Даже те группы, что мы перечислили, вырастают уже в огромное число — на несколько лет очистительной работы.

А сколько всяких окаянных интеллигентов, неприкаянных студентов, разных чудаков, правдоискателей и юродивых, от которых ещё Пётр I тщился очистить Русь и которые всегда мешают стройному строгому Режиму?

И невозможно было бы эту санитарную очистку произвести, да ещё в условиях войны, если бы пользовались устарелыми процессуальными формами и юридическими нормами. Но форму приняли совсем новую: внесудебную расправу , и неблагодарную эту работу самоотверженно взвалила на себя ВЧК — Часовой Революции, единственный в человеческой истории карательный орган, совместивший в одних руках: слежку, арест, следствие, прокуратуру, суд и исполнение решения .

В 1918 году, чтобы ускорить также и культурную победу революции, начали потрошить и вытряхивать мощи святых угодников и отбирать церковную утварь. В защиту разоряемых церквей и монастырей вспыхивали народные волнения. Там и сям колоколили набаты, и православные бежали, кто и с палками. Естественно приходилось кого расходовать на месте, а кого арестовывать.

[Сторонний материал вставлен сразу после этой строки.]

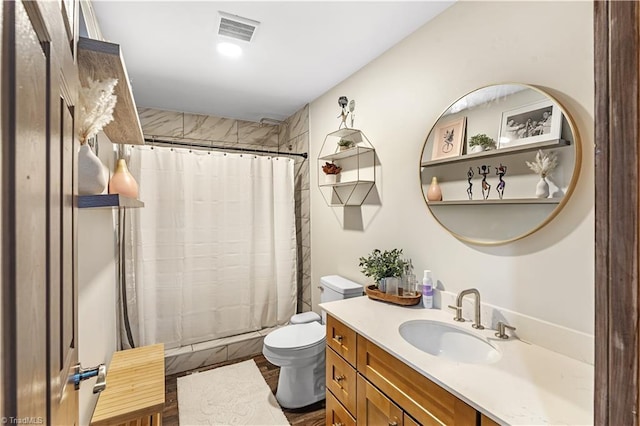 bathroom with a shower with curtain, vanity, and toilet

Размышляя теперь над 1918-20-м годами, затрудняемся мы: относить ли к тюремным потокам всех тех, кого расшлёпали, не доведя до тюремной камеры? И в какую графу всех тех, кого комбеды убирали за крылечком сельсовета или на дворовых задах? Успевали ли стать хоть ногою на землю Архипелага участники заговоров, раскрывавшихся гроздьями, каждая губерния свой (два рязанских, костромской, вышневолоцкий, велижский, несколько киевских, несколько московских, саратовский, черниговский, астраханский, селигерский, смоленский, бобруйский, тамбовский кавалерийский, чембарский, великолукский, мстиславльский и другие) или не успевали и потому не относятся к предмету нашего исследования? Минуя подавление знаменитых мятежей (Ярославский, Муромский, Рыбинский, Арзамасский), мы некоторые события знаем только по одному названию — например Колпинский расстрел в июне 1918 — чту это? кого это?… И куда записывать?

Немалая трудность и решить: сюда ли, в тюремные потоки, или в баланс Гражданской войны отнести десятки тысяч заложников , этих ни в чём лично не обвинённых и даже карандашом по фамилиям не переписанных мирных жителей, взятых на уничтожение во страх и в месть военному врагу или восставшей массе? После 30.8.18 НКВД дал указания на места “немедленно арестовать всех правых эсеров, а из буржуазии и офицерства взять значительное количество заложников “.[9] (Ну, как если бы, например, после покушения группы Александра Ульянова была бы арестована не она только, но и все студенты в России и значительное количество земцев .) Это так открыто и объяснялось (Лацис, газета “Красный террор”, 1 ноября 1918): “Мы не ведём войны против отдельных лиц. Мы истребляем буржуазию, как класс. Не ищите на следствии материалов и доказательств того, что обвиняемый действовал делом или словом против советов. Первый вопрос, который вы должны ему предложить, — к какому классу он принадлежит, какого он происхождения, воспитания, образования или профессии. Эти вопросы и должны определить судьбу обвиняемого. В этом — смысл и сущность красного террора.” Постановлением Совета Обороны от 15.2.19 — очевидно, под председательством Ленина? — предложено ЧК и НКВД брать заложниками крестьян тех местностей, где расчистка снега с железнодорожных путей “производится не вполне удовлетворительно”, — с тем, “что если расчистка снега не будет произведена, они будут расстреляны”.[10] Постановлением СНК конца 1920 разрешено брать заложниками и социал-демократов.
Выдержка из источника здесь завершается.